━━ RECORDS TO PROCESS ━━
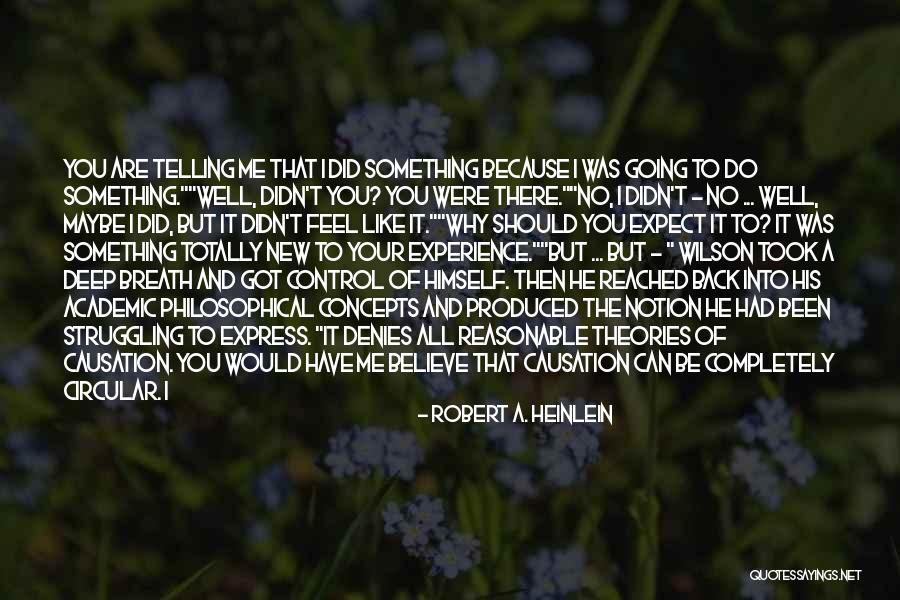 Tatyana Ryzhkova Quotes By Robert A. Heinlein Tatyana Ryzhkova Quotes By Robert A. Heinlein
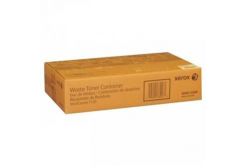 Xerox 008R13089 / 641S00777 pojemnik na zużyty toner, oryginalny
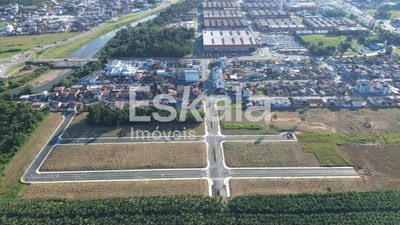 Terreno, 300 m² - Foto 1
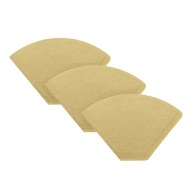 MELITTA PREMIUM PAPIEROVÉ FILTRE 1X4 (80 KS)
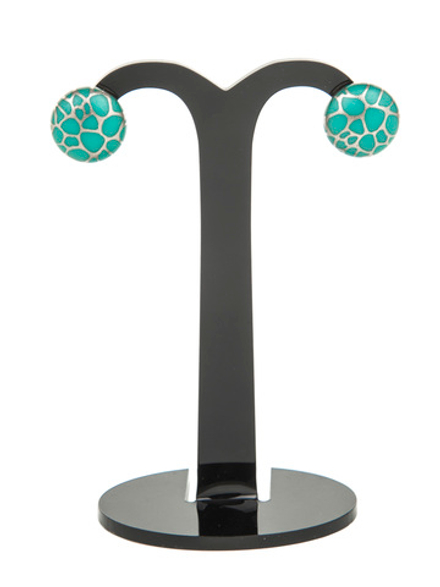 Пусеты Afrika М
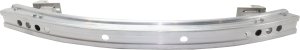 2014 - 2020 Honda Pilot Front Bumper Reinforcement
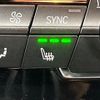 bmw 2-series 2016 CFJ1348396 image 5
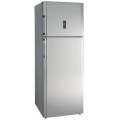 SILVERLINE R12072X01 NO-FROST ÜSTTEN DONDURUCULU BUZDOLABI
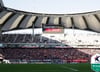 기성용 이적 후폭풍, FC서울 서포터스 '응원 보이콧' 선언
━━━
### TASK PROMPT
Reproduce the records word for word, please, from their first line up to and including the line that contains "Пусеты Afrika М", but no pictures.

### RESPONSE AREA
 Tatyana Ryzhkova Quotes By Robert A. Heinlein Tatyana Ryzhkova Quotes By Robert A. Heinlein
 Xerox 008R13089 / 641S00777 pojemnik na zużyty toner, oryginalny
 Terreno, 300 m² - Foto 1
 MELITTA PREMIUM PAPIEROVÉ FILTRE 1X4 (80 KS)
 Пусеты Afrika М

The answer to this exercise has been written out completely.